Directions
What is needed is an exact copy of the lines in the listing below, from the one with "Casquette en velours" up to and including the one with "Foto - Moderne", with no other lines.

Data records

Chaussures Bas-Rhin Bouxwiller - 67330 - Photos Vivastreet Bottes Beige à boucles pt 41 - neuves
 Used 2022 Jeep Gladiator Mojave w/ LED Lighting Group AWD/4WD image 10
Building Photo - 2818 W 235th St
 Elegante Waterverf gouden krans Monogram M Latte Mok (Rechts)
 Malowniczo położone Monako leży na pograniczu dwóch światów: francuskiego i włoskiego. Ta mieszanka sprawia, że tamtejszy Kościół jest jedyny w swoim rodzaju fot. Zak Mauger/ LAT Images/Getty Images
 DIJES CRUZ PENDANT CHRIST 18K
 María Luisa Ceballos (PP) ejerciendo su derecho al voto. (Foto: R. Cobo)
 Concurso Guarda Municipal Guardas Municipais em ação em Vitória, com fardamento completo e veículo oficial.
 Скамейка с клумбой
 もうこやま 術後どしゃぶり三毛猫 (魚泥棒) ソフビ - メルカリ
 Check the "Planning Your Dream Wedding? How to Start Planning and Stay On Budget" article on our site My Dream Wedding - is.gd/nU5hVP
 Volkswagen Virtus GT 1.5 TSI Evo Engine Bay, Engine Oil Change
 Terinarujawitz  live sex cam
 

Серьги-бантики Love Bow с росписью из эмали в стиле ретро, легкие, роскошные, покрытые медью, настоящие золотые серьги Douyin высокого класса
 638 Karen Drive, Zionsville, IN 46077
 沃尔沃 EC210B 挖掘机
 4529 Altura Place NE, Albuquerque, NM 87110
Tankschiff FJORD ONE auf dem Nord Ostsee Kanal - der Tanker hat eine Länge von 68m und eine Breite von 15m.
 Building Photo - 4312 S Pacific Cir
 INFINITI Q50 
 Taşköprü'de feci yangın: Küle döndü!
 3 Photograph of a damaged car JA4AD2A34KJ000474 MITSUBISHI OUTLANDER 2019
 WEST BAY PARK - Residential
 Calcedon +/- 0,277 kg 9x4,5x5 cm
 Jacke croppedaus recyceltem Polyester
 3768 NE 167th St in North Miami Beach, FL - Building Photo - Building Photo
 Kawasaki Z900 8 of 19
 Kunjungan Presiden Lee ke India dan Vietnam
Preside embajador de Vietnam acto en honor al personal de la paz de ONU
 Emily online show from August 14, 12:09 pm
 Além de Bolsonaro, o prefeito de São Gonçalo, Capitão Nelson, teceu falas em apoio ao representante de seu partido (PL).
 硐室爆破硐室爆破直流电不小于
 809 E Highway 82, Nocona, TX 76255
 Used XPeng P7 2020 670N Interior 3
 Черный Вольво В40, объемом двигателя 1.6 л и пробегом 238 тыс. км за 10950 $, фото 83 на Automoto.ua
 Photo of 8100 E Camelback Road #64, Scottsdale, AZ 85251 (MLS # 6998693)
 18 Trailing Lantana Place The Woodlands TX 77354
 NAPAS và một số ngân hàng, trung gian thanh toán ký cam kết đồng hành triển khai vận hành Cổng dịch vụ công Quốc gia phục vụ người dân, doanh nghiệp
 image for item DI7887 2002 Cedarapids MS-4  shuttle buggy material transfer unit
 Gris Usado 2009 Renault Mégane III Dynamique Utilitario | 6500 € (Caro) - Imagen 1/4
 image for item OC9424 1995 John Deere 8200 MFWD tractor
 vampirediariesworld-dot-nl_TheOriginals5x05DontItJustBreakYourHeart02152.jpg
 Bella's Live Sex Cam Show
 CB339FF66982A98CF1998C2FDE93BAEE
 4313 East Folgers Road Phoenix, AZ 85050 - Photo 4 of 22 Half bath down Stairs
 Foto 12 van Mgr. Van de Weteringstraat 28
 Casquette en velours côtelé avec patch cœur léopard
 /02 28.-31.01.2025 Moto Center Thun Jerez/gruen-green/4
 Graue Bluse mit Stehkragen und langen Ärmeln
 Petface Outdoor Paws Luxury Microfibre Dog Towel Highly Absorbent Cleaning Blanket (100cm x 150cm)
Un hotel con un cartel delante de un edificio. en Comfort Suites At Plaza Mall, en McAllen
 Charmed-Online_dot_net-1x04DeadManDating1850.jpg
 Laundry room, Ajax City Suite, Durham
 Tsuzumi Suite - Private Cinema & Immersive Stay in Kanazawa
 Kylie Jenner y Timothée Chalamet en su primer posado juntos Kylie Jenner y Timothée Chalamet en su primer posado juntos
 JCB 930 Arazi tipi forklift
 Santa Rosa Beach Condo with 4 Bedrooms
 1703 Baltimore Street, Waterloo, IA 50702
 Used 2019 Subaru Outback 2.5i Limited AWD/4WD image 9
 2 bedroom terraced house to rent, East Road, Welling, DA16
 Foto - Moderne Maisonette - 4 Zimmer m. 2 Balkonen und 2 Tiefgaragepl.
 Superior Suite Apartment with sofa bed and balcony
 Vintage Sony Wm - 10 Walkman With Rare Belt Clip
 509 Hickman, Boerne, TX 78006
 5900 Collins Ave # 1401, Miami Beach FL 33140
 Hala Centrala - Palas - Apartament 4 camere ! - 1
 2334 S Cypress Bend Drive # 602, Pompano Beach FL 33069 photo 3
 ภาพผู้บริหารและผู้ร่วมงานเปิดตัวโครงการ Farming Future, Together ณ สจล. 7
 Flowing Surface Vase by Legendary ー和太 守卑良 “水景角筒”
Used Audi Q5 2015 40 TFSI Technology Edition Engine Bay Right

Solution to the problem
 Casquette en velours côtelé avec patch cœur léopard
 /02 28.-31.01.2025 Moto Center Thun Jerez/gruen-green/4
 Graue Bluse mit Stehkragen und langen Ärmeln
 Petface Outdoor Paws Luxury Microfibre Dog Towel Highly Absorbent Cleaning Blanket (100cm x 150cm)
Un hotel con un cartel delante de un edificio. en Comfort Suites At Plaza Mall, en McAllen
 Charmed-Online_dot_net-1x04DeadManDating1850.jpg
 Laundry room, Ajax City Suite, Durham
 Tsuzumi Suite - Private Cinema & Immersive Stay in Kanazawa
 Kylie Jenner y Timothée Chalamet en su primer posado juntos Kylie Jenner y Timothée Chalamet en su primer posado juntos
 JCB 930 Arazi tipi forklift
 Santa Rosa Beach Condo with 4 Bedrooms
 1703 Baltimore Street, Waterloo, IA 50702
 Used 2019 Subaru Outback 2.5i Limited AWD/4WD image 9
 2 bedroom terraced house to rent, East Road, Welling, DA16
 Foto - Moderne Maisonette - 4 Zimmer m. 2 Balkonen und 2 Tiefgaragepl.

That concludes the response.